I study and teach spectacle for a living. Spectacles give performers and audience members brief moments in time when they can imagine something which would otherwise be absurd.

A recent example is the spectacle of white nationalism that took place in Charlottesville, Virginia. It was a spectacle that allowed white people to march with props such as red hats and tiki torches as they chanted their racist fantasies. When people participate in spectacles it gives them the opportunity to learn about and understand the ideas embedded in the spectacle in a more profound and impactful way.

I know this because I, like performance professors and instructors around the world, use spectacle to teach students how to imagine another world. I know what happens when people are given the opportunity to imagine themselves in a different way and present it to others.

So, when I witness spectacles such as that of the Trump presidency or the Mayweather-McGregor fight, I think about what kinds of ideas and actions the participants in the spectacle will be inspired to develop, having had the opportunity to perform and be seen by an audience.

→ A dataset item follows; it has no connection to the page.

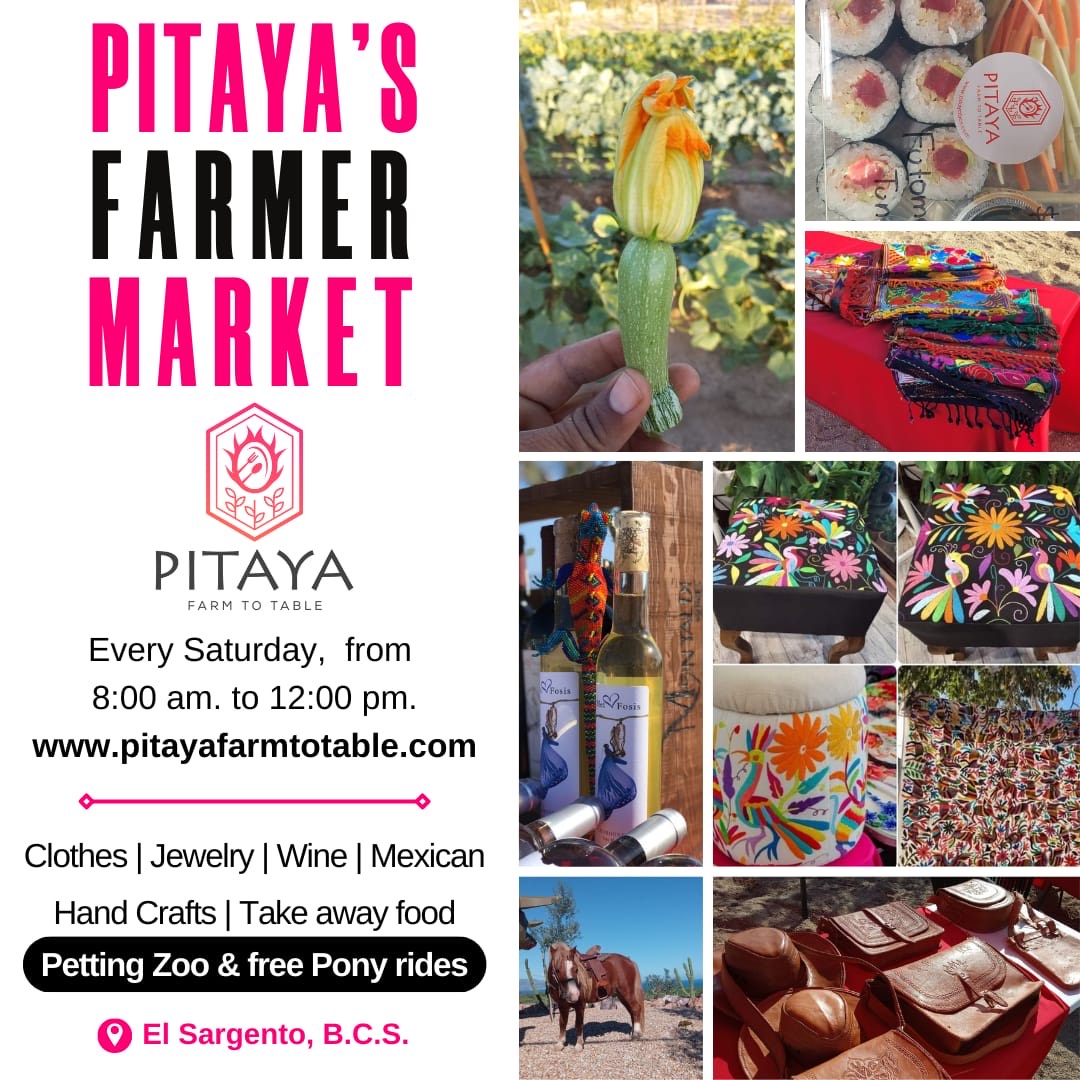 Pitaya’s Farmers Market Pitaya The Ventana View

When I observe the spectacles of the Trump presidency and the Mayweather-McGregor fight, I think about what ideas and actions they will inspire in their audience members and especially in their central performers. That is the central question to ask of any spectacle: What will the lead performers imagine next?

For Floyd Mayweather, I'd like to see him use his newly expanded public platform to denounce domestic violence, given his familiarity with the issue.

For Mr. McGregor, I'd like to see him familiarize himself with the impacts of anti-black racism on African-Americans, given that he basically copied the name of the famous black hip-hop artist Christopher Wallace, who was known as The Notorious B.I.G. It's tone deaf and boring for Mr. McGregor to take so blatantly from black culture and then play ignorant possum when rightfully questioned by the media about the racist, anti-black undertones of his words and actions leading up to the fight.

As for Mr. Trump, well, as we know, that's the real spectacle to watch. Mayweather versus McGregor was just a distraction.